Words: John Wilcockson/Images: James Startt
This past week in the French Alps, Sagan continued scoring points at intermediate sprints while his nearest challengers for the green jersey, Fernando Gaviria and Dylan Groenewegen, both dropped out of the Tour on Sunday’s stage to L’Alpe d’Huez, along with fellow sprinter André Greipel. None of those riders are capable of what Sagan has achieved in his career, such as winning weeklong stage races, including the Amgen Tour of California, Tour de Pologne and Giro di Sardegna.
The Tour organizers have tweaked the points allocation twice in the past eight years, trying to favor the “pure” sprinters by increasing a flat-stage win from 35 to 50 points, and increasing the intermediate sprint from six to 20 points. But Sagan has been able to adapt to those changes, winning the green jersey five straight times from 2012 to 2016; and last year, when he got (wrongly) thrown out of the race after three stages, he’d already won a stage and was lying third in the points competition, a few points behind Marcel Kittel and Arnaud Démare.
This year, Démare is now in third place in the race for green—but has an insurmountable points gap behind Sagan—while an out-of-sorts Kittel missed the time cut on the second alpine stage on Thursday, along with a far-from-fit Mark Cavendish. Alexander Kristoff, the man Sagan just out-sprinted to keep his rainbow jersey last year, is currently in second place in the points competition; but he too has only a remote, if not impossible, chance of catching Sagan by Paris.
Even so, after beating Kristoff and Démare to win stage 13 on Friday, Sagan said, “I have to be a bit closer to Paris before I can start doing a wheelie.”

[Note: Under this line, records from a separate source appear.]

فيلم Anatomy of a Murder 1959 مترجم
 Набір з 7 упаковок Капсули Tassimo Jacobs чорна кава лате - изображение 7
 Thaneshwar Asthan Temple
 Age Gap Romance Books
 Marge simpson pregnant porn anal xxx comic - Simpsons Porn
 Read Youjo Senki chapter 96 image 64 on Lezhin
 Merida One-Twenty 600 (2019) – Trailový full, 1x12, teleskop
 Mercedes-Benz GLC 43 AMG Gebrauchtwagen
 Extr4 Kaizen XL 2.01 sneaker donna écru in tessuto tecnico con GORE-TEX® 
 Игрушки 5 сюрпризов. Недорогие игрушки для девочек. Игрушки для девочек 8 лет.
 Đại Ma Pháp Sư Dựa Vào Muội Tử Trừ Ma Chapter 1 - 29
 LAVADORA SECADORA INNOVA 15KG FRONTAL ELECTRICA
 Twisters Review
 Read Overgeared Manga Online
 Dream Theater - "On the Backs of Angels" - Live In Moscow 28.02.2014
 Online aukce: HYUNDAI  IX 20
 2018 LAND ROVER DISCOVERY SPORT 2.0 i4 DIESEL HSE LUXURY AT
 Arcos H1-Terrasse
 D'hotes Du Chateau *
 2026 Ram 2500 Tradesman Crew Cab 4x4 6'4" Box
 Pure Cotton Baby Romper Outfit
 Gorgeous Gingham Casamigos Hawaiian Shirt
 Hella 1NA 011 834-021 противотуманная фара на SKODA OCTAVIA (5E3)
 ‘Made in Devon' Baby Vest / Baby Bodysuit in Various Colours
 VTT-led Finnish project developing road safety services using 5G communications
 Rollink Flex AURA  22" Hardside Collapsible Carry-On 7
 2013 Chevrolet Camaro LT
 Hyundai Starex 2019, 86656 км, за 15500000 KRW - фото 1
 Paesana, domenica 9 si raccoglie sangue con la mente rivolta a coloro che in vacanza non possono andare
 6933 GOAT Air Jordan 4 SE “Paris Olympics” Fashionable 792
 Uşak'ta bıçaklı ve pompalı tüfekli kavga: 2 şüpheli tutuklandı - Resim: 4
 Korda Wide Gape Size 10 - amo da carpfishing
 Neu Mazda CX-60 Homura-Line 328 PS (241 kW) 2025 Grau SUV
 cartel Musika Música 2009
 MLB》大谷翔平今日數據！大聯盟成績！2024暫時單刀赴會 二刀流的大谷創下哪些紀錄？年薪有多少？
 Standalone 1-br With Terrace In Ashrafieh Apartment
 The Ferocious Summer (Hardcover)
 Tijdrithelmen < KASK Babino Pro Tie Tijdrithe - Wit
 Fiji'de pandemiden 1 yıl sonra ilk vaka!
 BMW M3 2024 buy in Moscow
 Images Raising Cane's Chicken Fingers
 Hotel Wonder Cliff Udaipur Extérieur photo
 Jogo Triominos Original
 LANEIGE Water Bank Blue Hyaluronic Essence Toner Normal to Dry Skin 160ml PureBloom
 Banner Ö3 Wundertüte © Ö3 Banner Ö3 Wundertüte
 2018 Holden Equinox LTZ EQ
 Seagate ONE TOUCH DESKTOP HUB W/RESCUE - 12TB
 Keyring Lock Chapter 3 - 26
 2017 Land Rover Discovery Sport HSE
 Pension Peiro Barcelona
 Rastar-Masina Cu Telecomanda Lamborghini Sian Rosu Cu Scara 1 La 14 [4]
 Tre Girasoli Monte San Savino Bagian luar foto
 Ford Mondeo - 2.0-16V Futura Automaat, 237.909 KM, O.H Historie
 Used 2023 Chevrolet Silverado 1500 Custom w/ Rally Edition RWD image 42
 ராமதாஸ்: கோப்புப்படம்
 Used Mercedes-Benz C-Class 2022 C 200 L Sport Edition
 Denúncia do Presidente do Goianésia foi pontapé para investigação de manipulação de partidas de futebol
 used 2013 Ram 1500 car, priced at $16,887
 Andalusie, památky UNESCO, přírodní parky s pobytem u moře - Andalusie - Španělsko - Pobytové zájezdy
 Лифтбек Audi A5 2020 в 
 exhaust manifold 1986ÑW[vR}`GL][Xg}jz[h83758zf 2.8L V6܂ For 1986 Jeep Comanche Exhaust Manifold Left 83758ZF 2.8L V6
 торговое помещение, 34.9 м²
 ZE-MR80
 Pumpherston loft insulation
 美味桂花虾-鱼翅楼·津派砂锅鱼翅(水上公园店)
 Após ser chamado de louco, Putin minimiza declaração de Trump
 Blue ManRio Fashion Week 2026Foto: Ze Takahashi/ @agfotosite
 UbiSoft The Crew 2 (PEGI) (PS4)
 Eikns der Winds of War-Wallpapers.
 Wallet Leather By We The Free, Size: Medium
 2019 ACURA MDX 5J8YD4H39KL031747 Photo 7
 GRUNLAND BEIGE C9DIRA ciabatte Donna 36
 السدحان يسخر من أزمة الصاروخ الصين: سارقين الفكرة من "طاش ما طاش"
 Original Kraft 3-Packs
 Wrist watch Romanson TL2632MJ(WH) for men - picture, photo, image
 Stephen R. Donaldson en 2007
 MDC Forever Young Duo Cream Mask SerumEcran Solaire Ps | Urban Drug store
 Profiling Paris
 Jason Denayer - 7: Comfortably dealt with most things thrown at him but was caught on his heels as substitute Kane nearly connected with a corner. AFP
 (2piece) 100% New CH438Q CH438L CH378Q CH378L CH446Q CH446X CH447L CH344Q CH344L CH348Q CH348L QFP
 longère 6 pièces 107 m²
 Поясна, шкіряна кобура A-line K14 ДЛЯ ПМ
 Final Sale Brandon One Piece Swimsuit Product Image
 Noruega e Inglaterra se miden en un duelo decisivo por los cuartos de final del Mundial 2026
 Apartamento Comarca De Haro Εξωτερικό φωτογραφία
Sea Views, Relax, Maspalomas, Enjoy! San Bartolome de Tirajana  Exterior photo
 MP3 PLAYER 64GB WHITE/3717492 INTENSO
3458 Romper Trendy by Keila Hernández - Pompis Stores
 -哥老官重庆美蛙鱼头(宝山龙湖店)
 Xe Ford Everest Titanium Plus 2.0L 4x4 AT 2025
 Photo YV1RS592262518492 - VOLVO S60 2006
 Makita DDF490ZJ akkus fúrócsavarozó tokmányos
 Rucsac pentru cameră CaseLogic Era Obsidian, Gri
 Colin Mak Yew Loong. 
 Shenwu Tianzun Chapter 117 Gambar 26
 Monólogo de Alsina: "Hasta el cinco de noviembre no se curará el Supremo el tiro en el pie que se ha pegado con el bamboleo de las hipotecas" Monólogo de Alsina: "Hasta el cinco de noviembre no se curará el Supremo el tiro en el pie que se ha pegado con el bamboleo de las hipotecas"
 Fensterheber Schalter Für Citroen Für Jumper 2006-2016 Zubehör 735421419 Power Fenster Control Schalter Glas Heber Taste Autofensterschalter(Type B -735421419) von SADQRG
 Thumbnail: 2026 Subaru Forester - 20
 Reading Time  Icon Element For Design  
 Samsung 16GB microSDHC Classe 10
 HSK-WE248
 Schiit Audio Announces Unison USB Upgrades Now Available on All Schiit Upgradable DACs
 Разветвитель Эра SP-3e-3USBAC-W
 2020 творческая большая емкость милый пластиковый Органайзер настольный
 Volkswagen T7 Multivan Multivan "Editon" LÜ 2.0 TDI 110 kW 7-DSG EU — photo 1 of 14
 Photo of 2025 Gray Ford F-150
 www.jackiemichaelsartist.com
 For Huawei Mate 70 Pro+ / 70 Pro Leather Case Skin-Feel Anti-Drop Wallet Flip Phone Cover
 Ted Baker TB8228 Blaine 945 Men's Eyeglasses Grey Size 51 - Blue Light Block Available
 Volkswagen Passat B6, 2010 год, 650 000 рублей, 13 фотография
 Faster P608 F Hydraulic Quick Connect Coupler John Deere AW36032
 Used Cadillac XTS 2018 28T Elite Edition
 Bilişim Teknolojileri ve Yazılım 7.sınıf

Looking back through the list of green jersey champions since the “sprinters” competition was introduced to the Tour in 1953, it used to be almost routine for non-sprinters to take the green jersey. Among those who did win the competition include Sean Kelly and Freddy Maertens (who both won the Vuelta a España), along with Tour de France winners Bernard Hinault, Eddy Merckx, Jan Janssen and Ferdi Kübler. Sagan will never win a modern grand tour, but at age 28 Bora-Hansgrohe’s Slovak is already on target to equal the record of six green jerseys held by Germany’s Erik Zabel, who made his streak from 1996 to 2001.
Given his all-around strengths, Sagan can look forward to contesting at least three more stage wins at this Tour: at Carcassonne on Sunday, Pau next Thursday and the following Sunday in Paris—though he has yet to win on the Champs-Élysées. That would be the icing on the cake.